• [Task to carry out]:
Exactly the lines from the one containing "城市添新綠，李滄兩處綠化項(xiàng)目開(kāi)工建設(shè)" through the one containing "Westermann miniLÜK &" in the listing below are to be copied, with the pictures left out.

• [Supplied material]:
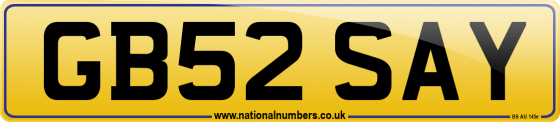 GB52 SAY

==

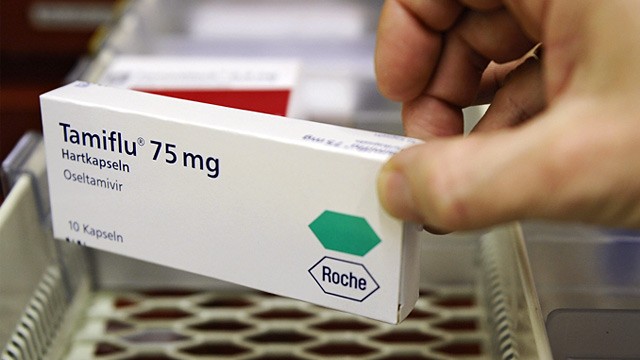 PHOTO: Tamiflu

...

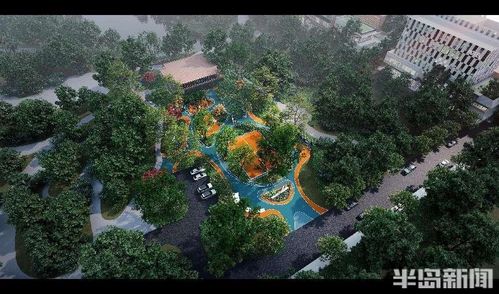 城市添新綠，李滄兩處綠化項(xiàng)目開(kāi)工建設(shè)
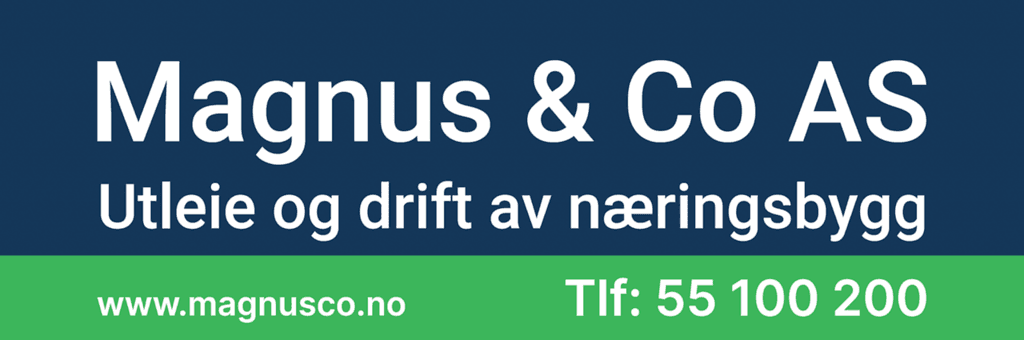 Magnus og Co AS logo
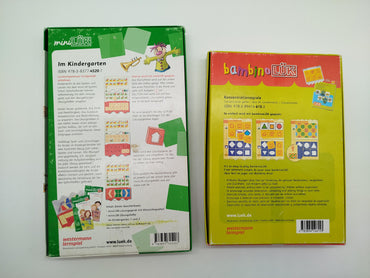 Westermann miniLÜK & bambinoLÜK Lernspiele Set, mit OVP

• [Answer space]:
 城市添新綠，李滄兩處綠化項(xiàng)目開(kāi)工建設(shè)
 Magnus og Co AS logo
 Westermann miniLÜK & bambinoLÜK Lernspiele Set, mit OVP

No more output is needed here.